By EditorZambia
The turmoil surrounding the Patriotic Front (PF) leadership of one Given Lubinda today is not merely about leadership, ideology, or strategy. To the contrary, it is about an unspoken but deeply entrenched truth that many within the party refuse to confront openly though it is glaring in their face in plain site.
The truth is that the resistance to Lubinda’s leadership is less about his competence and more about identity politics rooted in the PF’s own history of tribalism and exclusion.
Within the PF circles, particularly the so-called Chambeshi political camp—a loose but powerful alignment drawing heavily from Northern, Luapula, Muchinga, and Eastern provinces, there exists a rigid notion of who can legitimately lead. This bloc, often presenting itself as the guardian of “true green” PF values, has long claimed moral superiority while loudly accusing others of tribalism. Yet it is this very grouping that practices the most rigid and exclusionary identity politics within the party.
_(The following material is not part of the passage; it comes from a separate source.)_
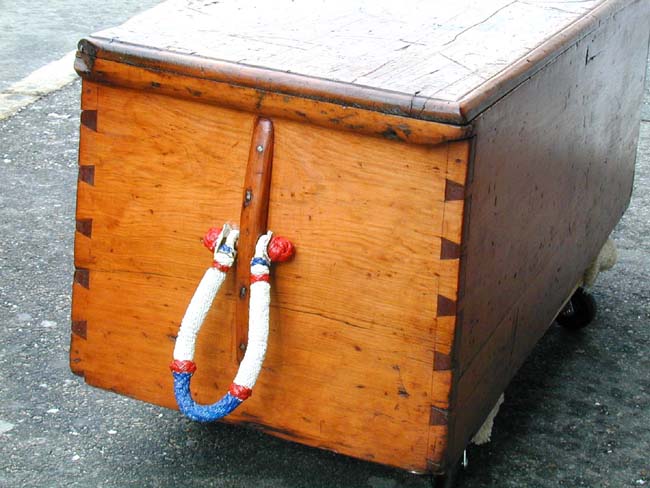 A Wonderful 19th century American Pine Seaman's Chest circa 1830. — image 2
The recent attack on Given Lubinda by Dr. Christopher Zumani Zimba on a radio programme did not emerge in a vacuum. It was not spontaneous political disagreement. It was a calculated defence of entrenched interests within the PF that see Lubinda as an outsider—despite his long service, loyalty, and institutional memory.
Zimba’s remarks were less about policy or leadership ability and more about signalling allegiance to hard-core regional and ethnic purists who believe the PF leadership is an inherited preserve.
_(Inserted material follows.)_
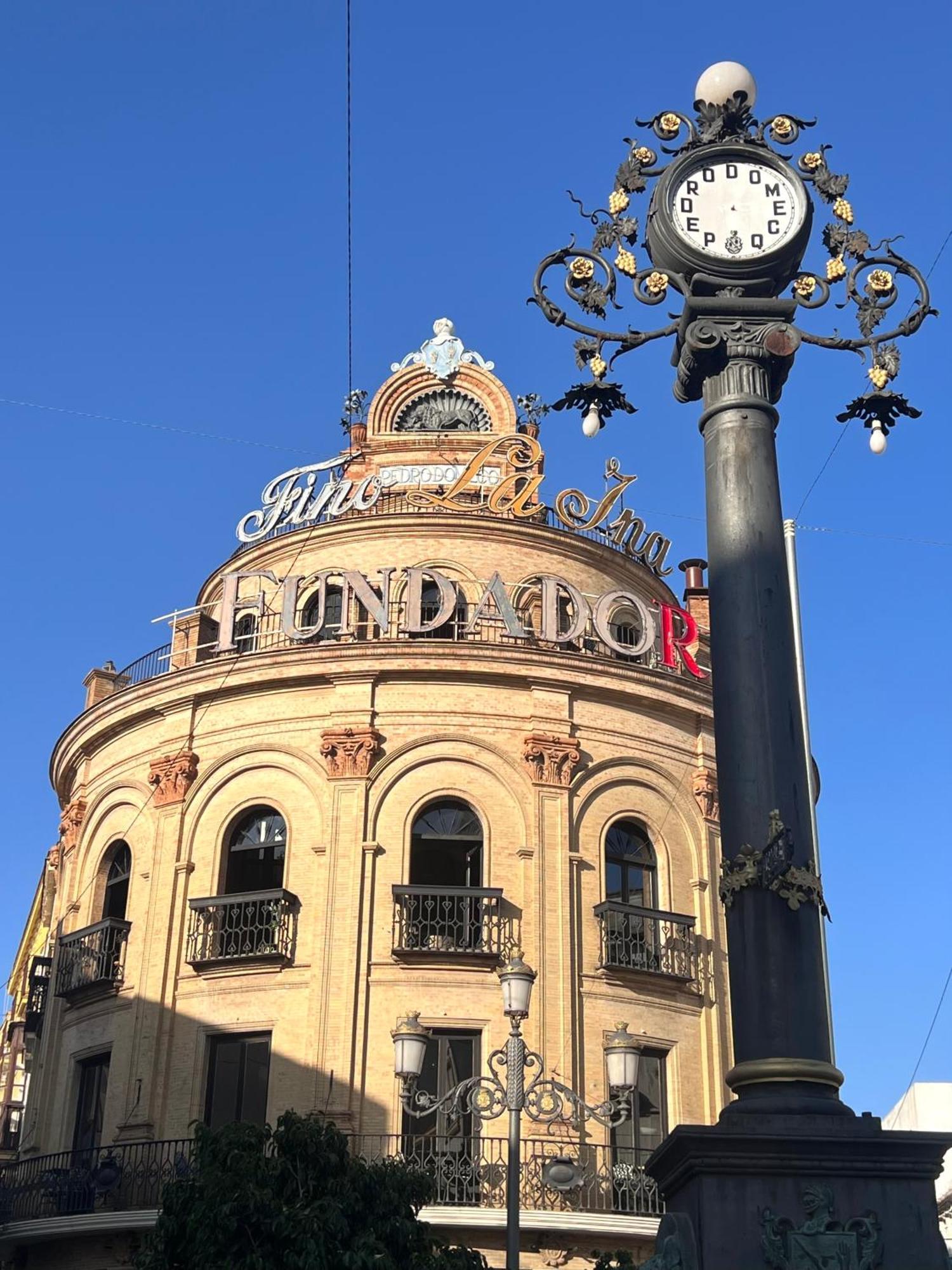 Apartamentos La Albariza Jerez Centro Jerez de la Frontera Luaran gambar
This is the contradiction at the heart of the PF. A party that began as the Kola Foundation, a Bemba tribal association with their tribal cousins-the easterners and later morphed into a populist movement claiming national appeal has, in practice, been one of the most tribally defined political formations Zambia has ever known. Under the late President Michael Sata, tribalism was not incidental; it was institutionalised. Sata, himself a Bisa, extended his intolerance even to the Bemba—ironically perceived as ethnic kins and political allies, culminating in the bitter and destabilising confrontation with Bemba Chief Chitimukulu. The Bemba/Bisa ethnic standoff, one of the ugliest in Zambia’s post-independence history, only ended with Sata’s death.
It is, therefore, disingenuous for the PF loyalists today to feign shock at accusations of tribalism against Tongas, Lozis, and North Westerners. The PF’s DNA has long been shaped by ethnic mobilisation, selective inclusion, and regional entitlement.
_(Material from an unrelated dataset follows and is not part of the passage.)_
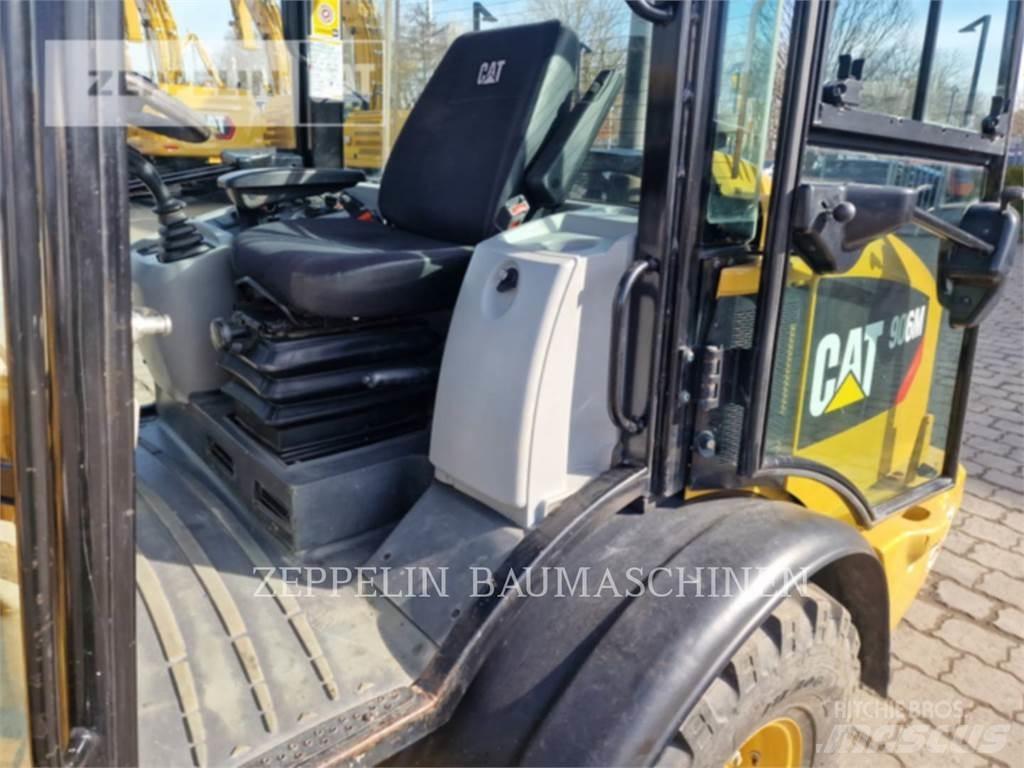 CAT 906M Utovarivači na kotačima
Given Lubinda’s predicament fits squarely within this historical pattern. His mixed-race heritage makes him unacceptable to a section of the PF that believes leadership must look, sound, and originate from a narrowly defined ethnic mould. This is not speculation; Zambia has lived this reality before. When President Sata died in office, Guy Scott—constitutionally next in line—was denied the presidency, not because of incompetence or lack of legitimacy, but because his parentage offended entrenched ethnic prejudices. The precedent was set clearly and brutally.
Lubinda is now facing the same invisible wall. The resistance he encounters has little to do with leadership deficits. In fact, few can dispute his experience, institutional knowledge, or ideological commitment to the PF project. What he lacks, in the eyes of the Chambeshi hardliners, is ethnic acceptability.
Recent events underline how toxic this environment has become. Lubinda’s abduction and brutal assault in Kabwe— was a criminal act that rightly deserves condemnation. It was an attack on democratic norms and political pluralism.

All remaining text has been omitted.